**WHAT YOU NEED TO DO:** Give back exactly the lines from the one holding "apartment em Rua" to the bottom of the material, both included, and nothing more. No pictures.

**SUPPLIED DATA:**
=== Section Start ===
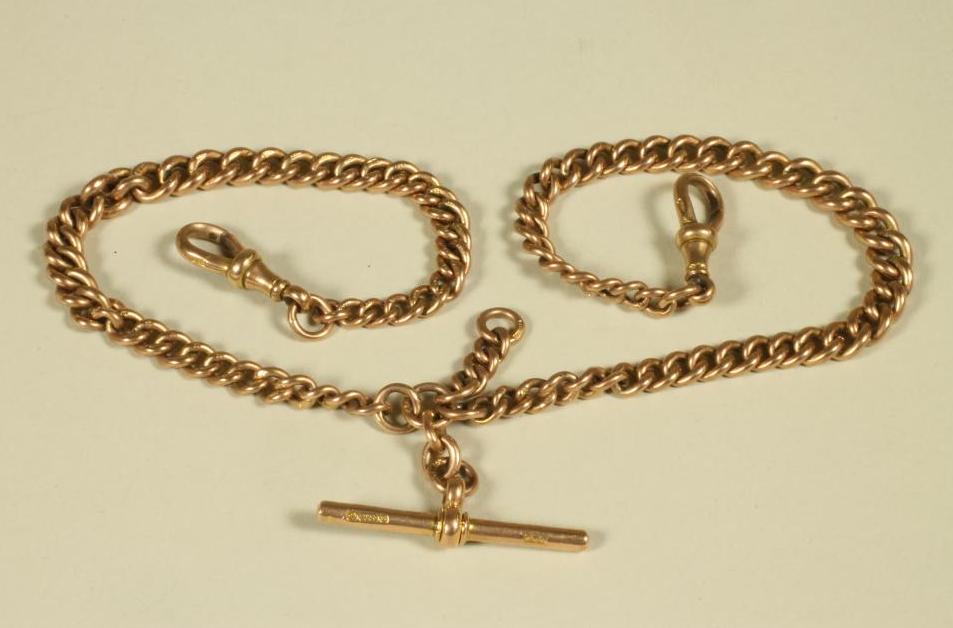 A 9CT GOLD CURB LINK DOUBLE ALBERT CHAIN Image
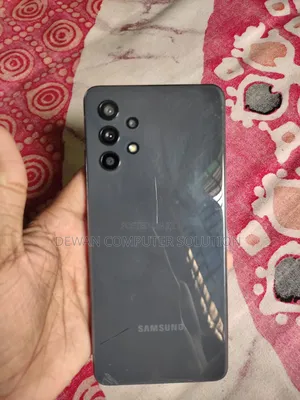 Photo - Samsung Galaxy A32 128 GB Gray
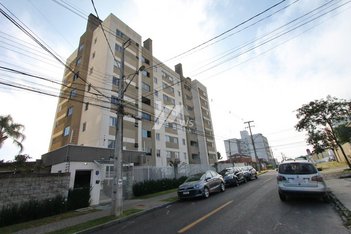 apartment em Rua Alberto Kosop, Pinheirinho - Curitiba - PR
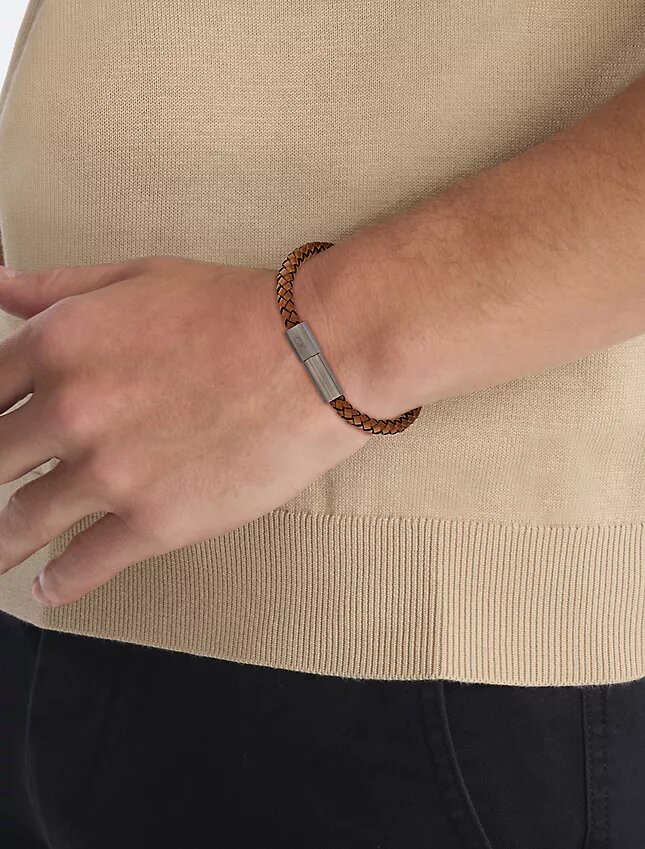 Modernt flätat armband Modernt flätat armband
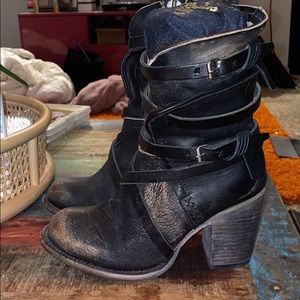 FREEBIRD by Steve Madden boots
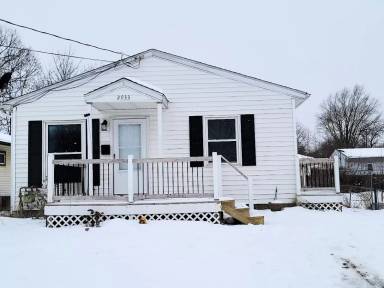 Main picture of 2933 Daleford Ave NE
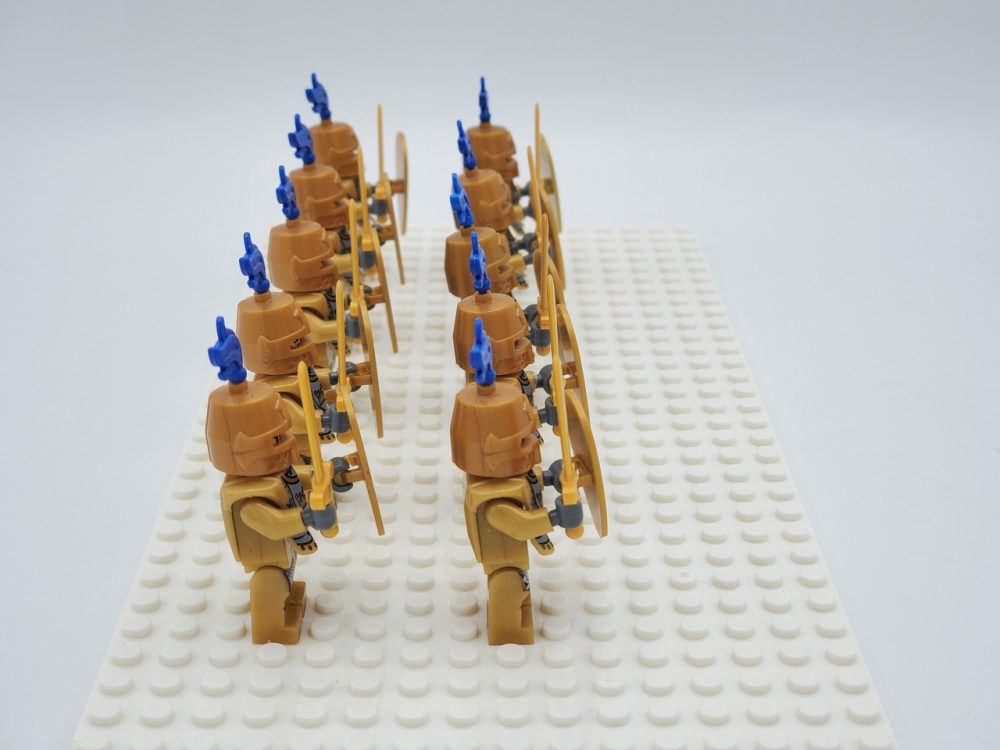 golden-crown-knights-style-2-minifigures-set-of-10pcs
=== Section End ===
**WRITTEN ANSWER:**
 apartment em Rua Alberto Kosop, Pinheirinho - Curitiba - PR
 Modernt flätat armband Modernt flätat armband
 FREEBIRD by Steve Madden boots
 Main picture of 2933 Daleford Ave NE
 golden-crown-knights-style-2-minifigures-set-of-10pcs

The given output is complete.